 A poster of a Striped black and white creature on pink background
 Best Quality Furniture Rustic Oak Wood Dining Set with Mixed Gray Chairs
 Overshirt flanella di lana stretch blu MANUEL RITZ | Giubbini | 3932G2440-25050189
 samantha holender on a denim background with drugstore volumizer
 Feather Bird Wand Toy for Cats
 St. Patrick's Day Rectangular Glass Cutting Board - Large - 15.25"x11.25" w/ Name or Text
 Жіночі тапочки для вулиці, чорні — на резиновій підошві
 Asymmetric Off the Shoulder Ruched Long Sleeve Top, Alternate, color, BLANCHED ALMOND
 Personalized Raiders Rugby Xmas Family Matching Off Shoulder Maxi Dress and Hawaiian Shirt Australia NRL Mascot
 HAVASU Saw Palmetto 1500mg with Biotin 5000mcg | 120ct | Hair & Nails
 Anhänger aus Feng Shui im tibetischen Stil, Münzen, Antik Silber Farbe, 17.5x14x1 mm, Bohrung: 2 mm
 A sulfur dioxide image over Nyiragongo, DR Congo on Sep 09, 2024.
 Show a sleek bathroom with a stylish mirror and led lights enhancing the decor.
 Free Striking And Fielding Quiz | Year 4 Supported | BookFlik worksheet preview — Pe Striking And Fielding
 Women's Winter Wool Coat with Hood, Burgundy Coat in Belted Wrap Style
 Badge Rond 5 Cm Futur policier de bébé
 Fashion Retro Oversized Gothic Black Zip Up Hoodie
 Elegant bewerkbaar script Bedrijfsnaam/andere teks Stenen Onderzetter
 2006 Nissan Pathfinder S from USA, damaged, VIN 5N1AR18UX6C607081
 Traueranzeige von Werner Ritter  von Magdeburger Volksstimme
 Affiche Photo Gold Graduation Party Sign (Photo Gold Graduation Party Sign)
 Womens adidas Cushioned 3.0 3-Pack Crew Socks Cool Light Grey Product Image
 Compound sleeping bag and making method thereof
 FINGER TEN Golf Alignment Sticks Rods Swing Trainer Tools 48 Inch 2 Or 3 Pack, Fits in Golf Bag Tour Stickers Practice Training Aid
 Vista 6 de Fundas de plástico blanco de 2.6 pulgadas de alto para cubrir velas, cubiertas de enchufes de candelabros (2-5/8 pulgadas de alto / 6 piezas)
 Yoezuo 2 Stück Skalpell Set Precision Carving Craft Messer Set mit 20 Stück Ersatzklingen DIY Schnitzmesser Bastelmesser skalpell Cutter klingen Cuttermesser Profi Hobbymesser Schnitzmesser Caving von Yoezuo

§ TASK DETAILS
What are the lines from the one containing "FINGER TEN Golf" through the end of the material? Reproduce them exactly, both ends included, with nothing added.

§ SOLUTION BELOW
 FINGER TEN Golf Alignment Sticks Rods Swing Trainer Tools 48 Inch 2 Or 3 Pack, Fits in Golf Bag Tour Stickers Practice Training Aid
 Vista 6 de Fundas de plástico blanco de 2.6 pulgadas de alto para cubrir velas, cubiertas de enchufes de candelabros (2-5/8 pulgadas de alto / 6 piezas)
 Yoezuo 2 Stück Skalpell Set Precision Carving Craft Messer Set mit 20 Stück Ersatzklingen DIY Schnitzmesser Bastelmesser skalpell Cutter klingen Cuttermesser Profi Hobbymesser Schnitzmesser Caving von Yoezuo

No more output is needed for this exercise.